The problem: Write down the listing again exactly as it appears below, without its pictures.
Top of Data segment
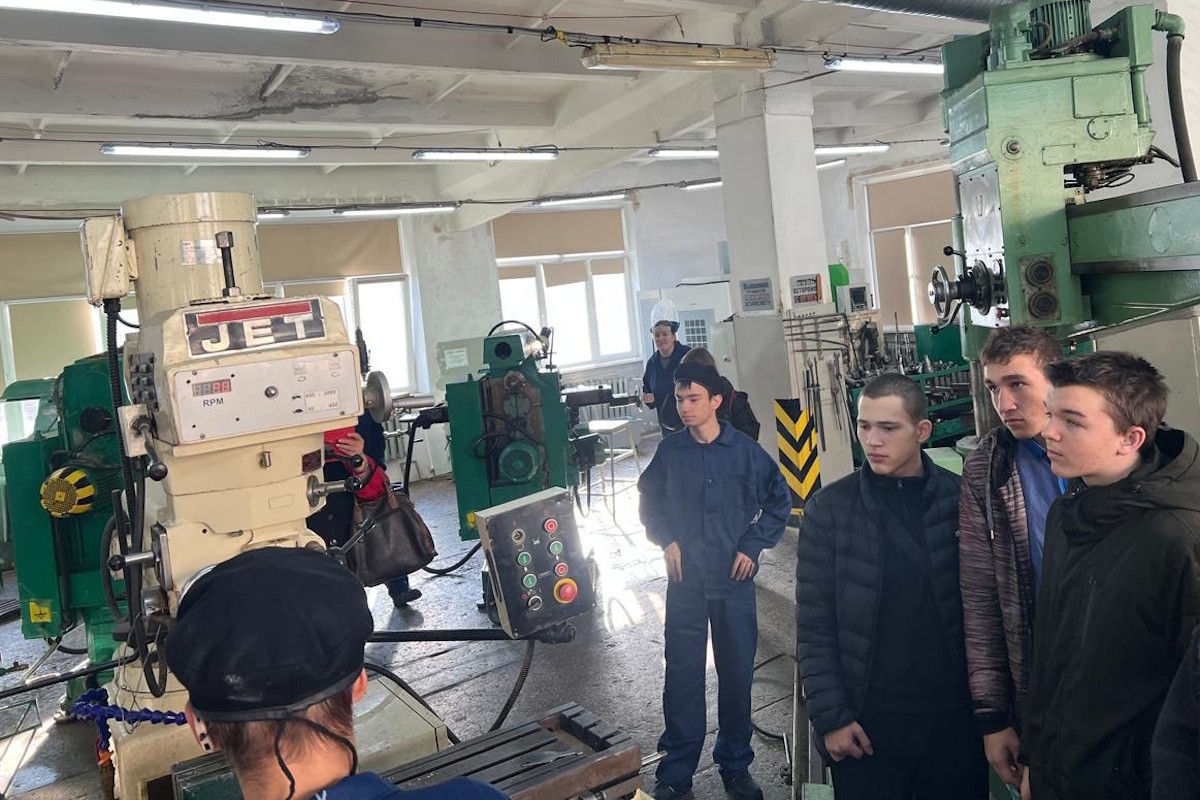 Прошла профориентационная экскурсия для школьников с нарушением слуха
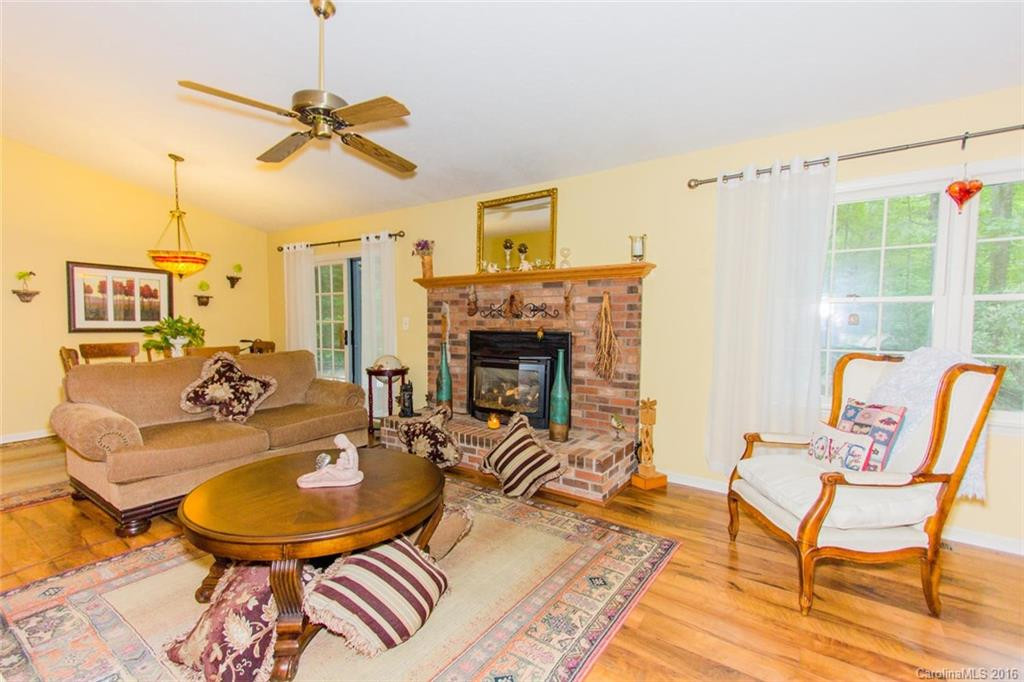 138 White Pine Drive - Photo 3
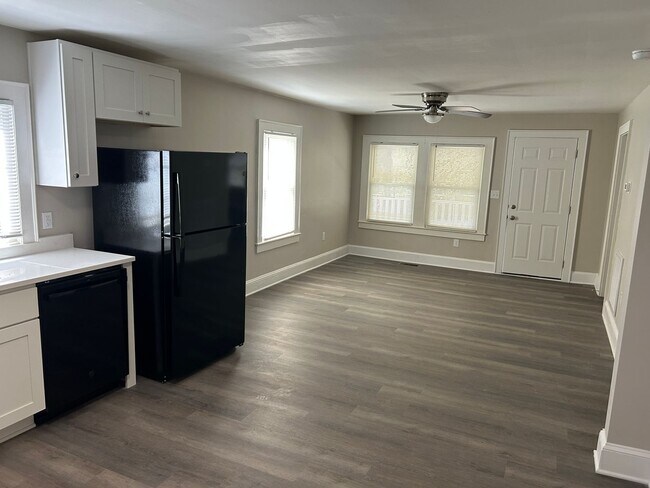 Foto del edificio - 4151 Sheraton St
Bottom of Data segment
Expected output:
 Прошла профориентационная экскурсия для школьников с нарушением слуха
 138 White Pine Drive - Photo 3
 Foto del edificio - 4151 Sheraton St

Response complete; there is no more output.